Die drei auf “Beileid“ enthaltenen Stücke grummeln in bester und bekannter BOHREN-Manier, wäre – ja wäre da nicht das WARLOCK-Cover “Catch My Heart“ enthalten. Wer das Original der Mannen um Frontfrau Doro Pesch kennt, traut seinen Ohren kaum. Die Stelle am Mikrophon wurde für den Ipecac-Chef und FANTOMAS/ MR. BUNGLE/ TOMAHAWK/ PEEPING TOM-Kopf Mike Patton frei geräumt. Pattons Fertigkeiten in den Kategorien Diktion und Intonation sind selbst an dessen grauen Tagen nicht weniger als applauswürdig. Seine gekonnte Verwendung der Gesangsregister zeitigt bei “Catch My Heart“ ein Ergebnis, welches den Hörer ungläubig staunen lässt. Die von der Band scheinbar stehenden Töne begleitet er punktgenau und verdoppelt somit den Eindruck des tief durchdringenden Spiels. Langsamkeit ist die Untertreibung des Jahres, vergleichbar ist diese Form nur mit Außermusikalischem. BOHREN spielen dabei jeden Ton komplett aus, erst in dessen Nachhall erklingt der nächste.

Larghissimo! Grave! Largo! Und natürlich Adagio, Adagio, Adagio! Erscheint unsere Zeit oft ohne Rast, ist das, was BOHREN aus den Lautsprechern schweben lassen als vollkommen hastlos zu bezeichnen.
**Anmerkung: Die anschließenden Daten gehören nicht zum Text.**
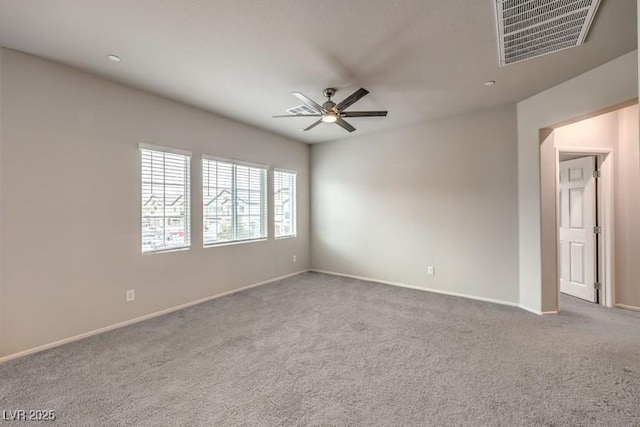 carpeted spare room featuring ceiling fan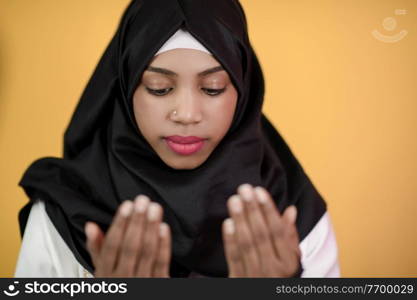 Modern African Muslim woman makes traditional prayer to God, keeps hands in praying gesture, wears traditional white clothes, has serious facial expression, isolated over plastic yellow background
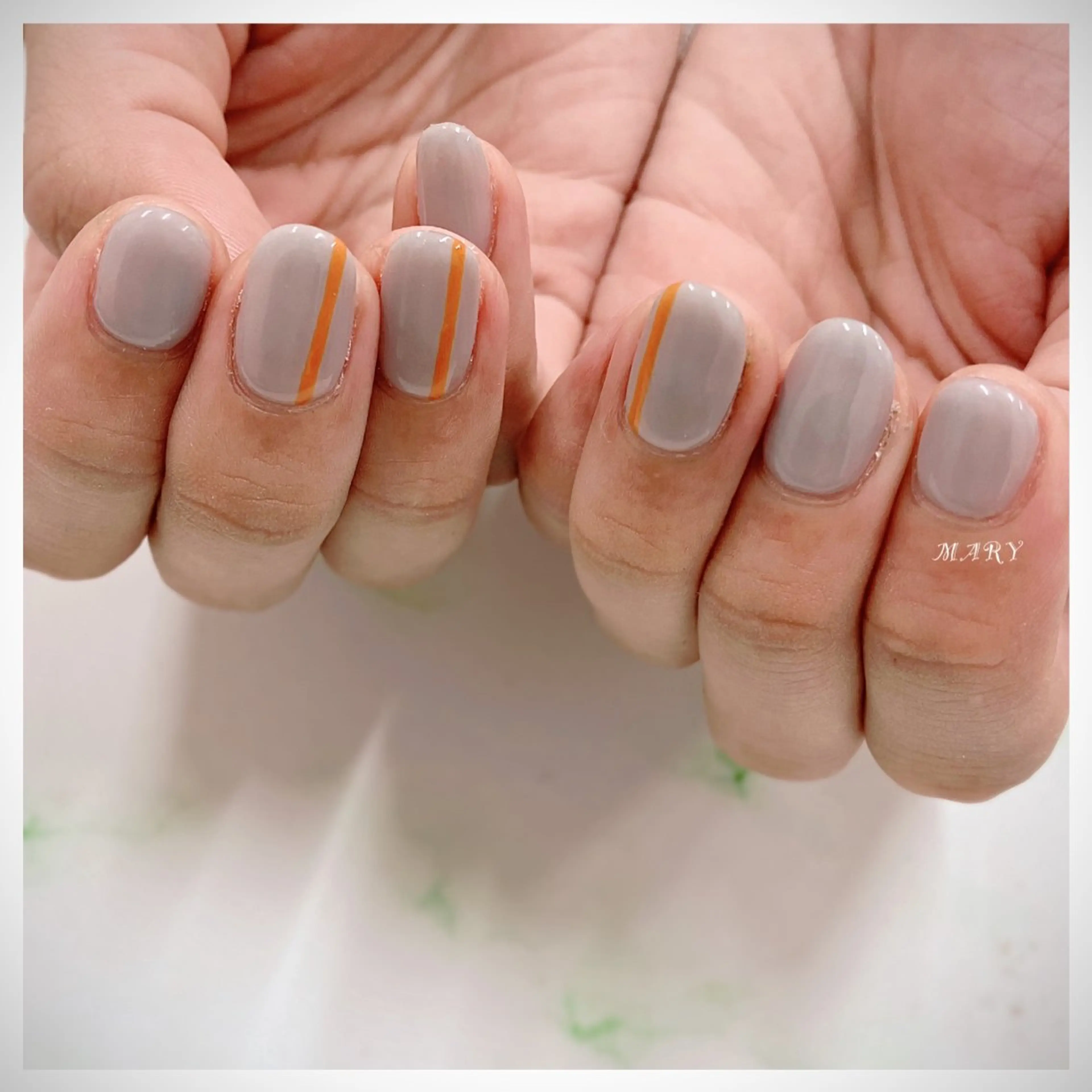 ネイル ニュアンスネイル ワンカラーネイル オレンジ ハンドネイル Mary nail所属・Mary nail .narumiのネイルデザイン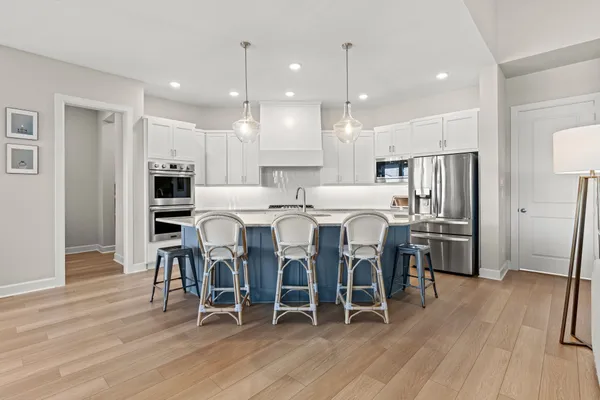 a bathroom with a bathtub sink mirror vanity and toilet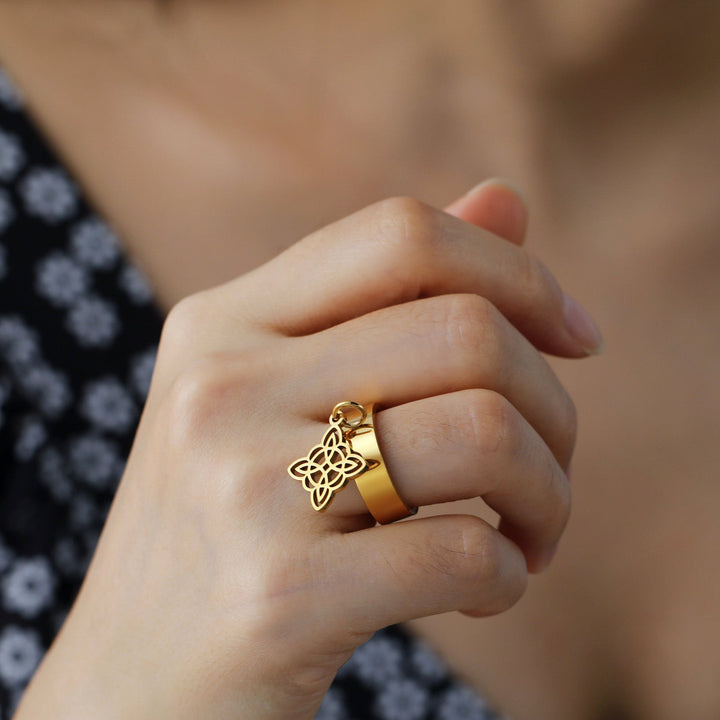 The photo shows a hand wearing THE GUARDIAN'S WITCHES KNOT DANGLE ring, made of stainless steel with Witch Knot element, in gold color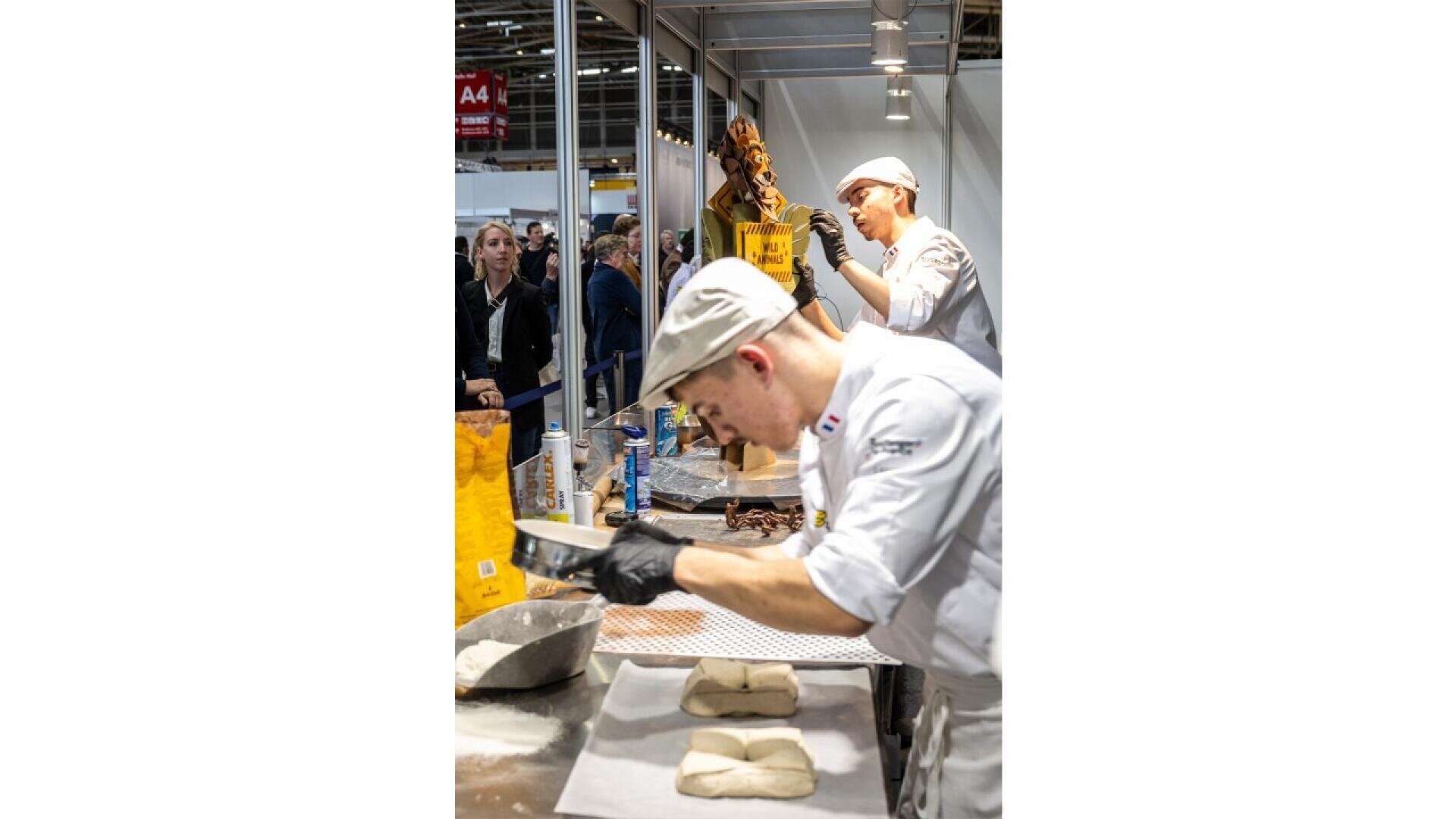 Two bakers in white uniforms and hats work in a bright, busy bakery. One focuses on shaping dough on a tray, while the other decorates a tall pastry. People watch them through a glass partition in the background.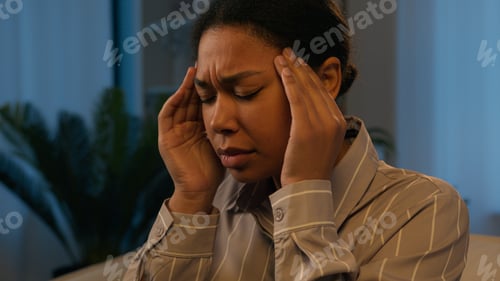 Preview: Sick African American woman use mobile phone gadget addict at night evening home ill unhealthy girl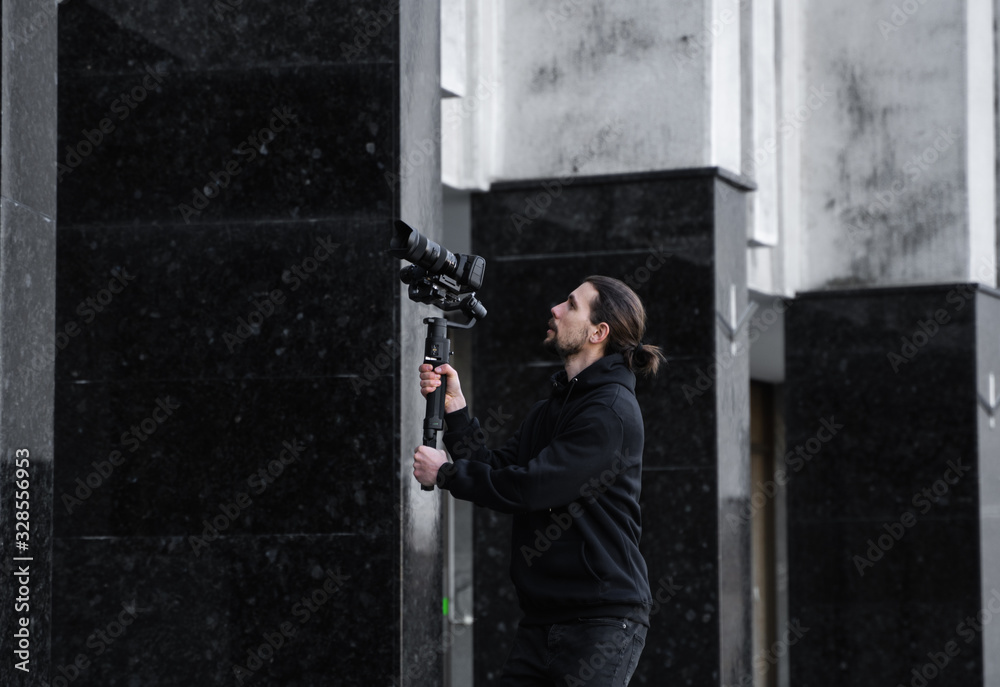 Young Professional videographer holding professional camera on 3-axis gimbal stabilizer. Pro equipment helps to make high quality video without shaking. Cameraman wearing black hoodie making a videos.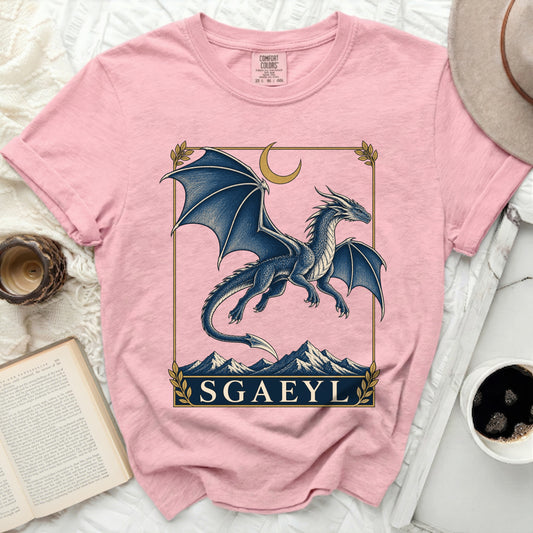 Pink Comfort Colors t-shirt with a blue dragon design and "SGAEYL" text.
Graduell entwickeln sie die scheinbar stehenden Töne. Gemachsam baut sich einer Nebelfront gleich jedes Stück auf. Gleichsam könnten die Veröffentlichungen der vier Mühlheimer auch als Seelenpinsel beschrieben werden. Sie laben und kitzeln das Empfindungsleben des Hörers, und sollten als Rezept gegen den Gemütsinfakt verschrieben werden.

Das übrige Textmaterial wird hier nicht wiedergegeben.